■ Aim of the exercise ■
Using the line that contains "Renault Trafic III" as the first line and the last line of the data as the final one, give every line in that range again exactly.

- - - -

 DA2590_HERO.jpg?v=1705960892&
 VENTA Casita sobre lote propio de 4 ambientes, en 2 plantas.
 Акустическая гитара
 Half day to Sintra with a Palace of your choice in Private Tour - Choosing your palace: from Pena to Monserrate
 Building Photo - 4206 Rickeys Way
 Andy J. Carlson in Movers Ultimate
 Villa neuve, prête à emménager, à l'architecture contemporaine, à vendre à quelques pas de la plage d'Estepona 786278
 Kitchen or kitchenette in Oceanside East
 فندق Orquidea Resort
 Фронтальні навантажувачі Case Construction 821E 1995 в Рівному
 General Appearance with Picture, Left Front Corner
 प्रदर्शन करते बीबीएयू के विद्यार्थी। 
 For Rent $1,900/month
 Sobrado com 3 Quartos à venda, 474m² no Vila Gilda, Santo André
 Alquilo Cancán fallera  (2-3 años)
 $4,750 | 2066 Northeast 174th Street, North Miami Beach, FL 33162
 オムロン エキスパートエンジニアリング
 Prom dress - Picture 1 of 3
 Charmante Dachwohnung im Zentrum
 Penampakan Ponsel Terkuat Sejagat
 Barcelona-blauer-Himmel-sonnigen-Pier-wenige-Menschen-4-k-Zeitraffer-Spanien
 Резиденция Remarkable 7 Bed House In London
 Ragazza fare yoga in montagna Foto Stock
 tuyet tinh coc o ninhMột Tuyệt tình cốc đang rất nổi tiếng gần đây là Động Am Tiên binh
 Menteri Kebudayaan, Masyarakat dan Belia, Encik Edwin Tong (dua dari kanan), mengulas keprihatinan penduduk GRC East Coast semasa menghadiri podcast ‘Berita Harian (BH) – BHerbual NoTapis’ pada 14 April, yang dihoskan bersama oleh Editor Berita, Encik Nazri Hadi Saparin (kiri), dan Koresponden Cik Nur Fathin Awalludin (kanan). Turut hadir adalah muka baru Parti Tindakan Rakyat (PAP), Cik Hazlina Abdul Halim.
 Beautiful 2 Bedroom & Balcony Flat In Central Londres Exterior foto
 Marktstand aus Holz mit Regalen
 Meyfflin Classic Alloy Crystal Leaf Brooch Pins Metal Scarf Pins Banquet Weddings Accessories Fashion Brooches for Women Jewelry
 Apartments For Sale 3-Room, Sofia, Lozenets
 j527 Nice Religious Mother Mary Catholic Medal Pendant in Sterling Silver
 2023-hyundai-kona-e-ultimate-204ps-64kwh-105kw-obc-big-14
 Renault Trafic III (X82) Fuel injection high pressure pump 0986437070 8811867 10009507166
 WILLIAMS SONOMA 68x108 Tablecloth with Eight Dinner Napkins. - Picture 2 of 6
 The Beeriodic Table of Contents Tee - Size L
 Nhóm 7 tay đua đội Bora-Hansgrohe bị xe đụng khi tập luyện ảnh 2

- - - -

■ Solution to the exercise ■
 Renault Trafic III (X82) Fuel injection high pressure pump 0986437070 8811867 10009507166
 WILLIAMS SONOMA 68x108 Tablecloth with Eight Dinner Napkins. - Picture 2 of 6
 The Beeriodic Table of Contents Tee - Size L
 Nhóm 7 tay đua đội Bora-Hansgrohe bị xe đụng khi tập luyện ảnh 2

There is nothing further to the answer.